Contrary to popular belief, heavy competition may actually lead to better performance by small banks.

At least that appears to be the case in St. Louis.

An American Banker comparative study of community banks in heavily competitive St. Louis and less-competitive Pittsburgh revealed that the St. Louis banks performed better on average in several key categories:

*They lent out more of their deposits, while earning 10 basis points more on assets and nearly 1.5% more on equity.

*Their net interest margin was 20 basis points above the average for small Pittsburgh banks.

*Their expenses, including for salaries, were slightly lower.

A St. Louis banker was pleasantly surprised by the findings.

"I'm really surprised that Pittsburgh doesn't have the same return on assets, given that there are fewer banks," said M. J. Ross, chairman and president of $385 million-asset Jefferson Bank and Trust Co.

"The only answer is that the banks (here) are run more efficiently. You can't rest at your oars here. There are a lot of banks that are dead in the water. And it shows in their numbers."

According to second-quarter call report data from Sheshunoff Information Services, small banks in both cities had about the same capital strength and asset quality, with Tier 1 leverage ratios of about 9.5% and only about 1% of their loans nonperforming.

The St. Louis and Pittsburgh metropolitan areas cover about the same amount of territory - 61.4 square miles and 55.5, respectively - and each is home to about 2.5 million people. But St. Louis has 85 banks of less than $3 billion of assets, while Pittsburgh has only 36.

A number of bankers suggested that the heavy competition for loans and depositsin cities like St. Louis makes banks there beat the bushes for customers rather than just wait for them to walk through the door.

"Where there is a concentration of banking assets among just a few banks, they tend over time to become a little lazier," said Camden R. Fine, president and chief executive of Midwest Independent Bank, a bankers' bank in Jefferson City, Mo. "They tend to lose a little of that competitive edge. I don't think they work quite as hard to get the customer."

Anat Bird, who is chief financial officer of St. Louis-based Roosevelt Financial Group, agreed. "Competition creates entrepreneurial spirit," she said. "It makes them more aggressive and keeps them on their toes.
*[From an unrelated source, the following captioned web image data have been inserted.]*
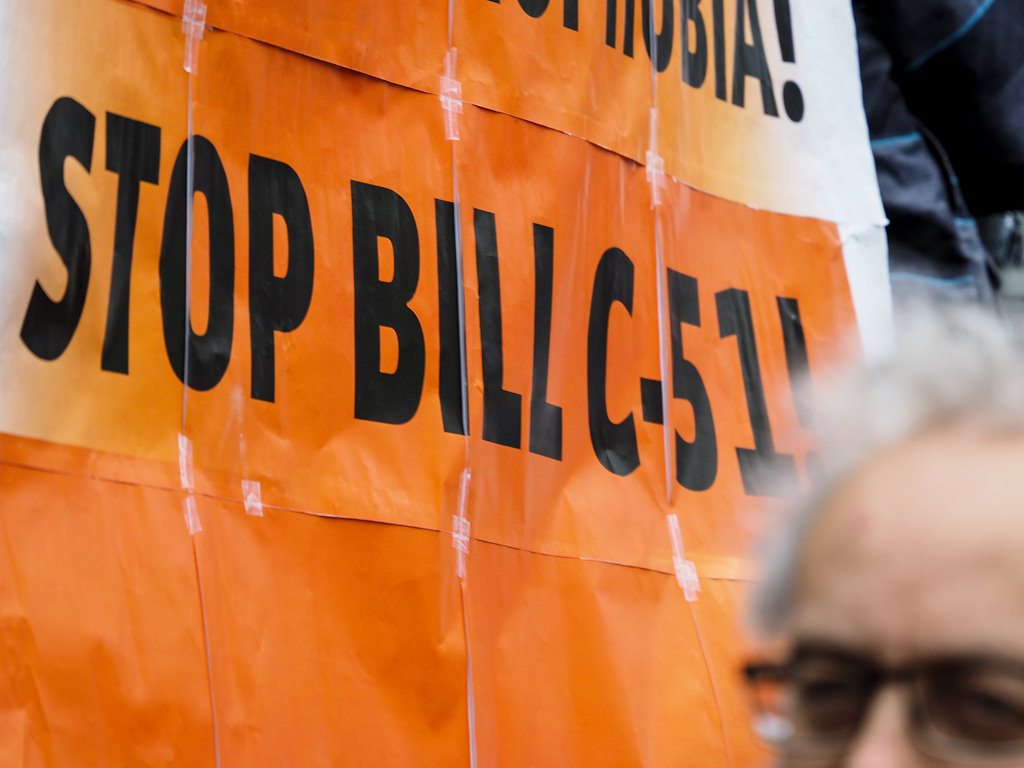 'Stop Bill C-51'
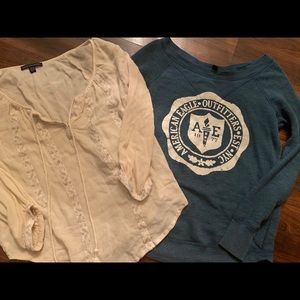 American Eagle lot of 5 shirts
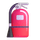 Emoji de extintor de incendios de Teams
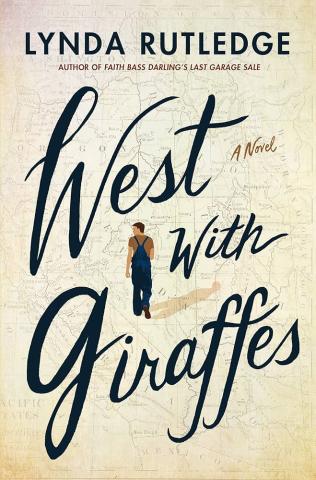 Cover of the novel West With Giraffes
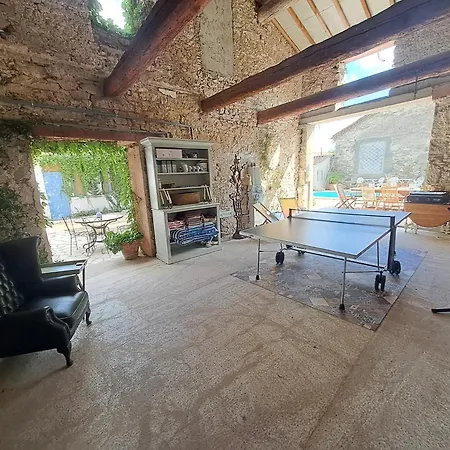 度假居 La Maisonnette Avec Spa, Piscine Et Climatisation Sainte-Valière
If you want to survive, you have to be creative, you have to be resourceful."

Jockeying for business also pushes the banks to become more efficient and customer-oriented, and that benefits consumers in the long-run, observers said.

"Competition generally serves to make us all better and stronger," said Robert E. Marling, president and chief executive of $285 million-asset Woodforest Bancshares in Houston, a heavily banked market.

Such views, however, seem to contradict the concerns some community bankers raise when suddenly faced with new competition from start-ups or other small banks entering their markets.

"If you have 85 banks competing in a market area that is the same size as a market that 36 are competing in, those 85 banks have to compete a whole hell of a lot harder just to maintain their market share, let alone increase it," Mr. Fine said.

On a similar but smaller scale, Mr. Fine said, the numerous banks in Springfield, Mo., including four start-ups, are far more aggressive than those in St. Joseph, Mo., which like Pittsburgh is dominated by three regionals.

"It is because of the competition that the banks are doing better," Mr. Fine said. "It keeps the banks sharper. They're more vigilant; they stay closer to the customers."

And in fact, as the competitive environment in Pittsburgh has heated up recently, so have the banks' activities. "We're becoming more active," said John M. Kish, chairman of Great American Federal Savings and Loan Association in Pittsburgh. "Business doesn't walk in the door anymore."